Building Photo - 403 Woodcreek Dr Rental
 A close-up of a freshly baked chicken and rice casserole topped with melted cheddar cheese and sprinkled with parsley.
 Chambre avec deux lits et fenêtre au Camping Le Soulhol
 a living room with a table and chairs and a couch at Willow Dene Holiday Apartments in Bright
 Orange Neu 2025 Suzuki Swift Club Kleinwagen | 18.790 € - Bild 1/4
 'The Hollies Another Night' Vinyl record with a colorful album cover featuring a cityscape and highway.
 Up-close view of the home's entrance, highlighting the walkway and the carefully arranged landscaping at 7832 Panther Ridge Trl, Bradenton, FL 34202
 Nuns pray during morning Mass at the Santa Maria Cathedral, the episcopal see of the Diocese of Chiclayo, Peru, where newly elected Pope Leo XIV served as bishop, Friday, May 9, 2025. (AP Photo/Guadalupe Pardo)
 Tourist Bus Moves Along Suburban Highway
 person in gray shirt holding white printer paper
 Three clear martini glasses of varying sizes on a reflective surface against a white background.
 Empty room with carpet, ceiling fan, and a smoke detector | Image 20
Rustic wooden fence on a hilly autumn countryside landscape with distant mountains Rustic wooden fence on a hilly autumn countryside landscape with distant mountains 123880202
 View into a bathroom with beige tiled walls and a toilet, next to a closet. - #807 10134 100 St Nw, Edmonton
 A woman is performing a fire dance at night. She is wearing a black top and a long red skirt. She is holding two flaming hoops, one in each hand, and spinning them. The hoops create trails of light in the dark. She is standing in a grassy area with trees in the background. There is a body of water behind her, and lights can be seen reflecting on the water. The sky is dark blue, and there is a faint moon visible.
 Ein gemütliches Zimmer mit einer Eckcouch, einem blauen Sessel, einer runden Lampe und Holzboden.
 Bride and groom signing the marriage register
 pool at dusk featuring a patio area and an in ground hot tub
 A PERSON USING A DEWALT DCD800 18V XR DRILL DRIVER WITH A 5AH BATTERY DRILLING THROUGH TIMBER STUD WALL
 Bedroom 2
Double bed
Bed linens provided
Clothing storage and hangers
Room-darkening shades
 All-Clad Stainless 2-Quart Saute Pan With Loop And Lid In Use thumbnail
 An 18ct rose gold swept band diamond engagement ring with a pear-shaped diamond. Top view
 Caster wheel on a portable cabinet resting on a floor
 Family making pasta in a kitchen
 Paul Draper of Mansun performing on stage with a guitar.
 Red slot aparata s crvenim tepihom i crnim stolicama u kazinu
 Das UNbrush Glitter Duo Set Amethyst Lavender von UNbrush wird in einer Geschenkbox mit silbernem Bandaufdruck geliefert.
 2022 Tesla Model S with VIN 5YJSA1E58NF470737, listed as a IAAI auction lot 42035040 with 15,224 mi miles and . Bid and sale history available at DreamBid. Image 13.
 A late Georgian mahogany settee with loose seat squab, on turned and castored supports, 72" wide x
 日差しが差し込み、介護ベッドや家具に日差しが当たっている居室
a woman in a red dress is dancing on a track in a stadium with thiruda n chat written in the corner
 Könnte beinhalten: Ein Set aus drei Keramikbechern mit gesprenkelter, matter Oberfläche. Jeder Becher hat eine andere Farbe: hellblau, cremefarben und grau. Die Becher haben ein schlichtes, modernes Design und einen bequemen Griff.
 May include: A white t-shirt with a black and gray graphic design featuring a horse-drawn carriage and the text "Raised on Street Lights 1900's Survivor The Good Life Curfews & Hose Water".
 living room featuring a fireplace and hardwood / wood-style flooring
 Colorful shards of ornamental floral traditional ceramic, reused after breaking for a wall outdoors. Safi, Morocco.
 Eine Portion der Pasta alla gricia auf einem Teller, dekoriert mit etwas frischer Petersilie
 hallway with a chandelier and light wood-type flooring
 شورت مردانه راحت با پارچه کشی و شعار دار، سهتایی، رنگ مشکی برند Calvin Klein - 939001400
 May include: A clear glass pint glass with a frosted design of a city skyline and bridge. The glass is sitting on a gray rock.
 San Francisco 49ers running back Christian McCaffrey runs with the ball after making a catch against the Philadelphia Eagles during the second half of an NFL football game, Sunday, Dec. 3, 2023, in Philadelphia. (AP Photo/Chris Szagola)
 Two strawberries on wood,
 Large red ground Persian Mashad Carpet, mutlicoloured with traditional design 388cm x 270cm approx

⁂

**To do**
Could you repeat exactly the lines in the listing above from the one with "A woman is performing" down to the one with "A late Georgian"? Include both of those lines.

**Result for this exercise**
 A woman is performing a fire dance at night. She is wearing a black top and a long red skirt. She is holding two flaming hoops, one in each hand, and spinning them. The hoops create trails of light in the dark. She is standing in a grassy area with trees in the background. There is a body of water behind her, and lights can be seen reflecting on the water. The sky is dark blue, and there is a faint moon visible.
 Ein gemütliches Zimmer mit einer Eckcouch, einem blauen Sessel, einer runden Lampe und Holzboden.
 Bride and groom signing the marriage register
 pool at dusk featuring a patio area and an in ground hot tub
 A PERSON USING A DEWALT DCD800 18V XR DRILL DRIVER WITH A 5AH BATTERY DRILLING THROUGH TIMBER STUD WALL
 Bedroom 2
Double bed
Bed linens provided
Clothing storage and hangers
Room-darkening shades
 All-Clad Stainless 2-Quart Saute Pan With Loop And Lid In Use thumbnail
 An 18ct rose gold swept band diamond engagement ring with a pear-shaped diamond. Top view
 Caster wheel on a portable cabinet resting on a floor
 Family making pasta in a kitchen
 Paul Draper of Mansun performing on stage with a guitar.
 Red slot aparata s crvenim tepihom i crnim stolicama u kazinu
 Das UNbrush Glitter Duo Set Amethyst Lavender von UNbrush wird in einer Geschenkbox mit silbernem Bandaufdruck geliefert.
 2022 Tesla Model S with VIN 5YJSA1E58NF470737, listed as a IAAI auction lot 42035040 with 15,224 mi miles and . Bid and sale history available at DreamBid. Image 13.
 A late Georgian mahogany settee with loose seat squab, on turned and castored supports, 72" wide x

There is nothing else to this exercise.